Under the law of this circuit, when an individual is arrested and subsequently charged or held in custody, the Speedy Trial Act's 30-day clock begins to run from the date of the individual's arrest. As the government points out, however, the arrest must be a federal arrest for the 30-day speedy trial clock to be activated. See United States v. Adams, 694 F.2d 200, 202 (9th Cir. 1982), cert. denied, 462 U.S. 1118 (1983). A defendant's arrest by state officers, though pursuant to a joint federal-state investigation, does not trigger the 30-day clock. Id.; accord United States v. Manuel, 706 F.2d 908, 915 (9th Cir. 1983).

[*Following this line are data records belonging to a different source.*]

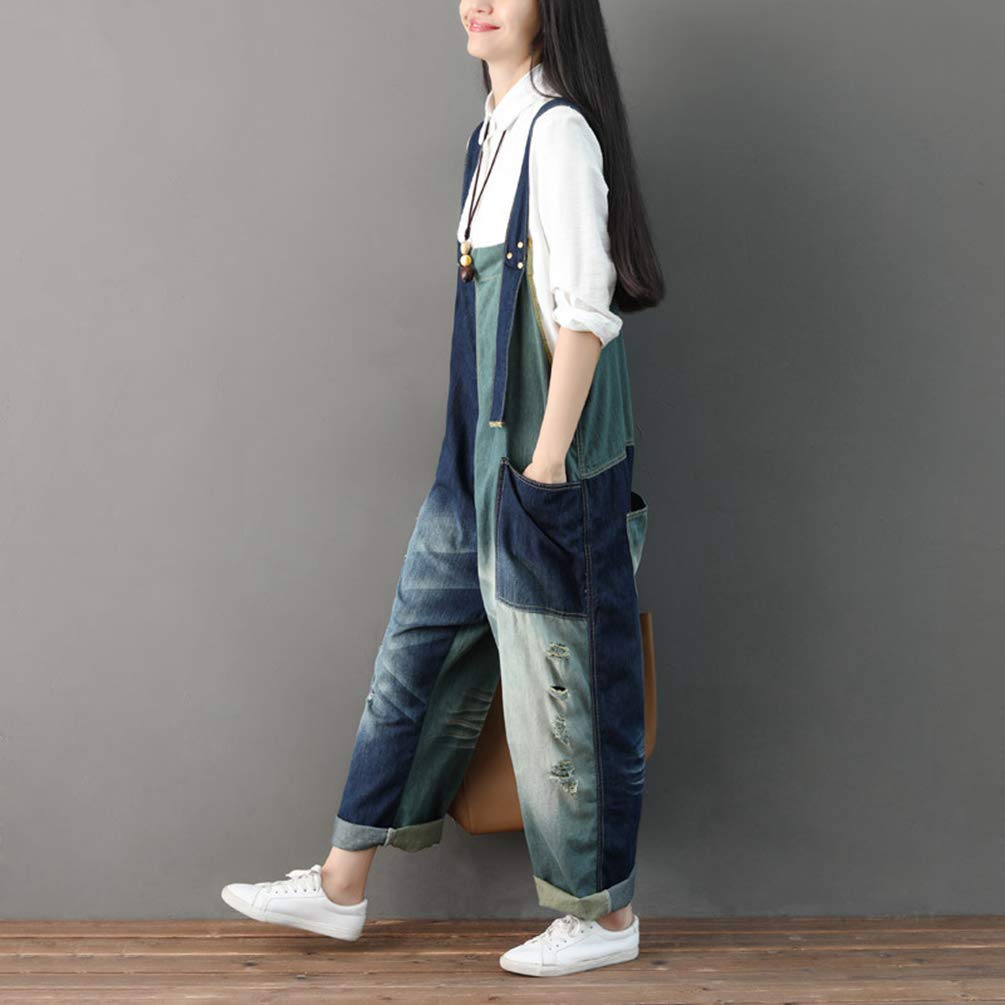 YuanDiann Women's Plus Size Denim Overalls - Baggy Wide Leg Jumpsuit with Loose Boyfriend Fit | Maternity & Casual Wear | Perfect for Everyday Outfits, Street Style & Pregnancy Comfort (Blue, Size 11)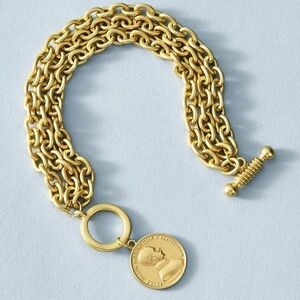 Gold Chain Necklace with Coin Pendant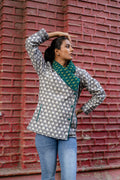 Grey Shawl Collar Work Wear Ikat Jacket at Kamakhyaa by Krushnachuda. This item is Grey, Handloom Cotton, Ikat Print, Jackets, Natural Dye, Organic, Regular Fit, Work Wear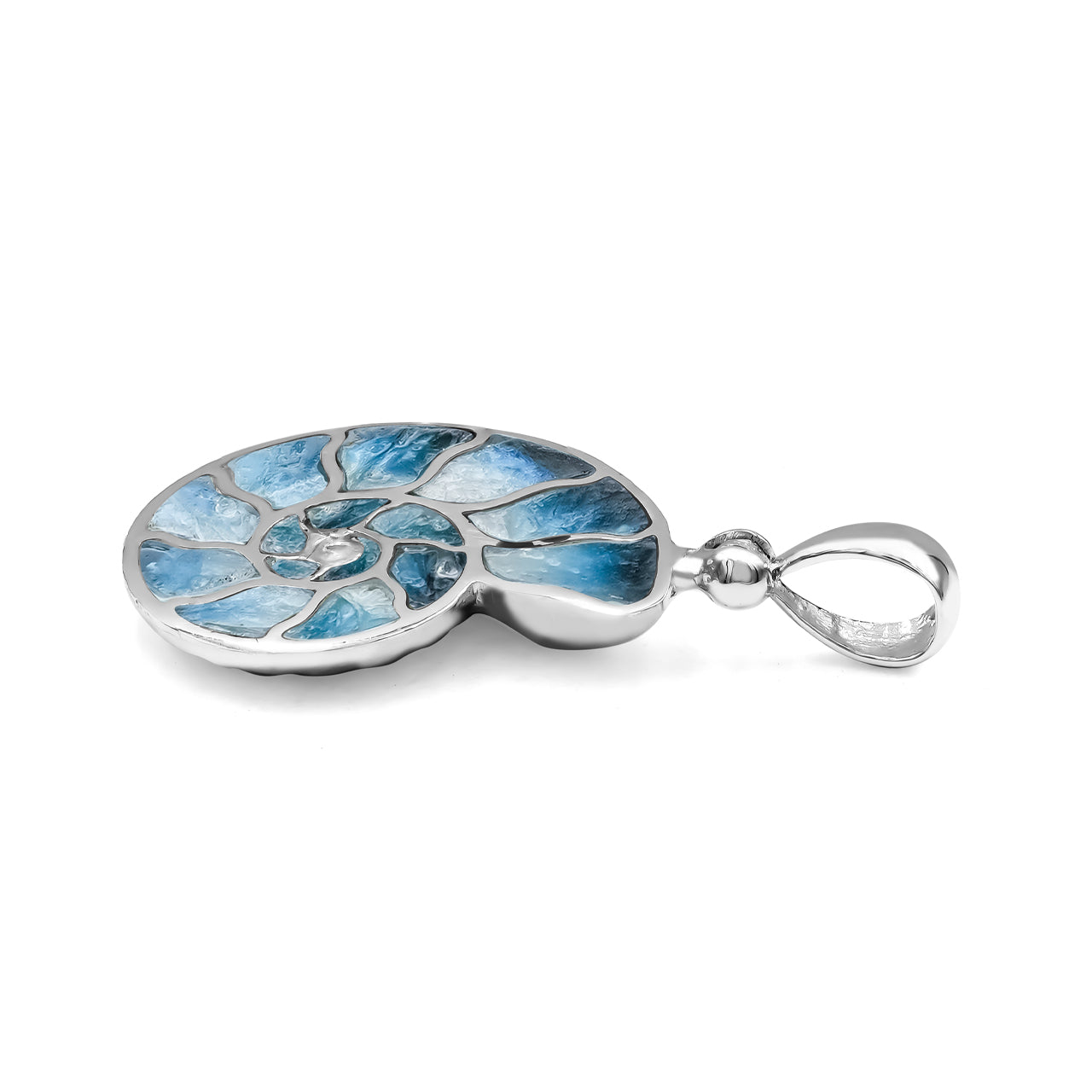 Starborn Blue Ice Glacierite Inlay Nautilus Ammonite Pendant in Sterling Silver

Mungia's October 14 arrest was not a triggering event for Speedy Trial Act purposes because the arrest was made by Salem police. No federal arrest took place until Mungia was transferred to federal custody on October 16. Mungia's November 15 indictment therefore did not violate the Act. See United States v. Redmond, 803 F.2d 438, 440 n. 7 (9th Cir. 1986) (noting that " [c]ourts have found that a person is not arrested for purposes of the Speedy Trial Act until he is taken into custody after a federal arrest for the purpose of responding to a federal charge"), cert. denied, 481 U.S. 1032 (1987).
At trial, informant Plancarte testified that during his negotiations with Flores there was a discussion about where the heroin would be obtained and that Flores twice told Plancarte that Mungia was the "source" of the heroin. Mungia contends that the district court erred in admitting this testimony under the co-conspirator exception to the hearsay rule, Fed.R.Evid. 801(d) (2) (E), because there was not sufficient independent evidence of a conspiracy and because the statement was not made in furtherance of the conspiracy.
Rule 801(d) (2) (E) provides in relevant part that " [a] statement is not hearsay if ... [t]he statement is offered against a party and is ... a statement by a coconspirator of a party during the course and in furtherance of the conspiracy." Before the court may admit testimony under this rule, the government has the burden of proving by a preponderance of evidence (1) the existence of a conspiracy, and (2) that the proffered statement was made during the course of the conspiracy and in furtherance of the objectives of the conspiracy. See Bourjaily v. United States, 483 U.S. 171, 175 (1987); United States v. Smith, 893 F.2d 1573, 1578 (9th Cir. 1990). Although the trial court may consider the hearsay statement in determining whether a conspiracy existed, the court must find some "independent proof" of the existence of the conspiracy. Smith, 893 F.2d at 1578; accord United States v. Gordon, 844 F.2d 1397, 1402 (9th Cir. 1988).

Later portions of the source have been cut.